Retailers take punt on Dublin streets being paved with gold
Published 06/10/2013 | 05:00
BLUE-chip retailers are flooding back to Dublin's Grafton Street, with the country's premier shopping destination heading for nearly full-occupancy for the first time since the recession began.
With rents 60 per cent down on the heady days of the Celtic Tiger (see chart below), some of the biggest names in fashion are willing to take a punt on setting up shop in the capital.
It is a major improvement on two years ago, when "For Sale" and "For Lease" signs in Grafton Street became a potent symbol of the decline of retail in the recession.
In 2008, the street attracted the fifth-highest rents of any shopping street in the world, but as the recession hit, stores closed, with locales remaining unoccupied for month after month.
Now leading US retailers Vans and Levi Strauss, UK lifestyle brand Cath Kidston and Spanish fashion chain Massimo Dutti are due to open over the coming months.
Just around the corner at College Green, fashion giant H&M will take over the building once occupied by National Irish Bank. H&M's 13th Irish store will be trading only two doors along from Abercrombie & Fitch.
Massimo Dutti belongs to the Inditex stable that includes Zara. The retailers first pitched up in Ireland at Dundrum Town Centre.
A major factor is the reduction in rents in Grafton Street, which are down to an average €4,000 per square metre – 60 per cent less than the peak between 2006 and 2008.
Marie Hunt, the executive director of commercial property experts CBRE Ireland, said: "Although retail sales data remains volatile, there has been considerable leasing and sales activity in the Irish retail market during 2013, particularly in the Dublin market, with a number of retailers now finding it difficult to secure stores in their preferred locations".
Prime Zone A rents in Dublin's Henry Street are now down to €3,500sqm.

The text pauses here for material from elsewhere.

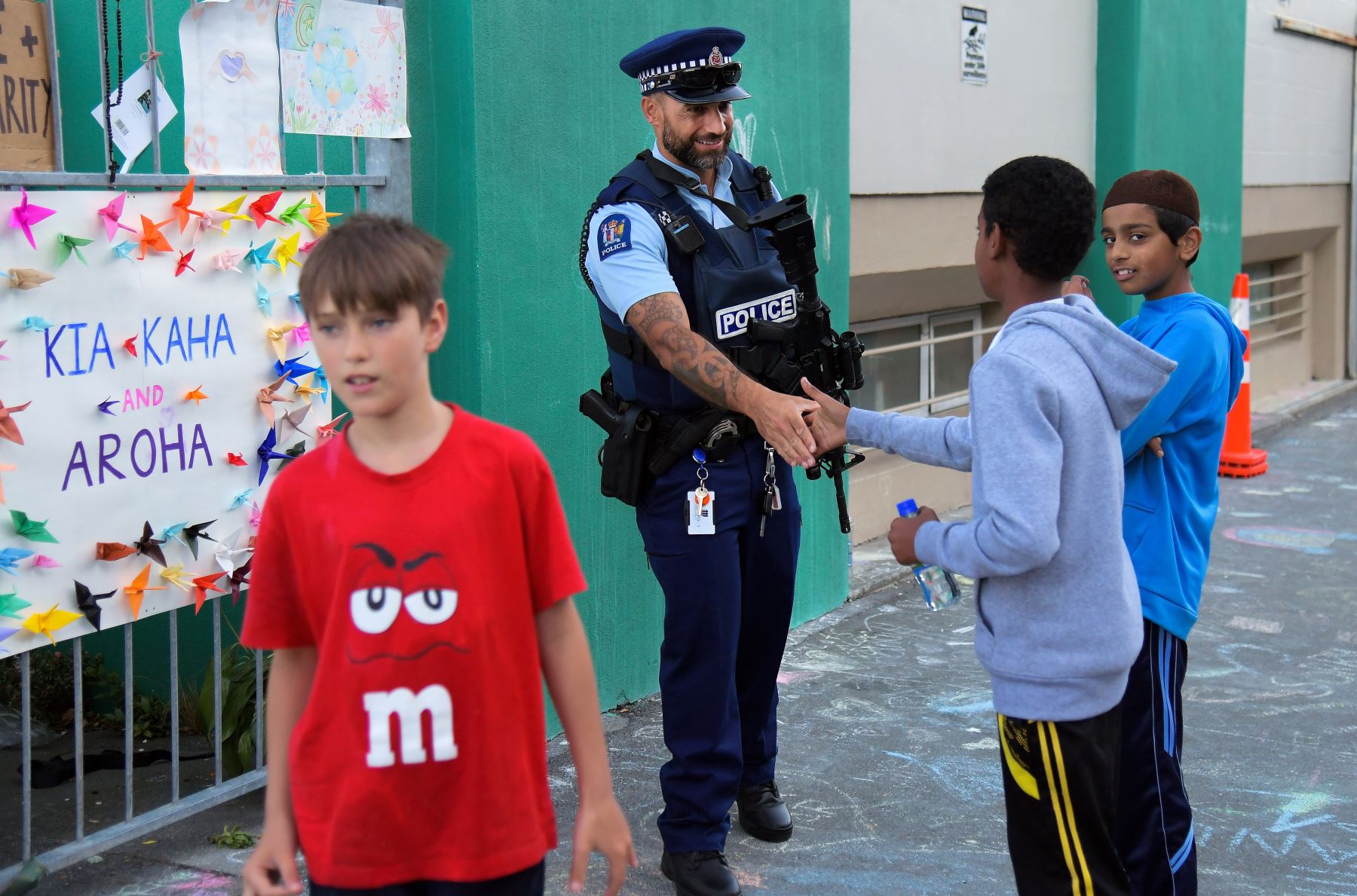 Un oficial de la policía da la mano a los niños de la comunidad musulmana en un Centro Islámico en Kilbirnie, Wellington. Foto: AFP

Rents in Dublin shopping centres range from around €1,500sqm in St Stephen's Green to €3,000sqm in Dundrum Town Centre.
Footfall in Dublin's shopping streets including Grafton Street has remained consistently high over the first half of 2013. In the city centre in the first eight months of 2013 it was up more than four per cent on the same period in 2012.
As well as major retailers, a number of overseas investment funds are looking at investing in high-end commercial properties at heavily discounted prices.
While activity in Dublin shopping areas is frenetic, with Brown Thomas looking for an extra 200 seasonal staff ahead of Christmas, the rest of the country is lagging behind.
"Unfortunately, demand for retail premises in provincial Irish towns remains muted," said Ms Hunt.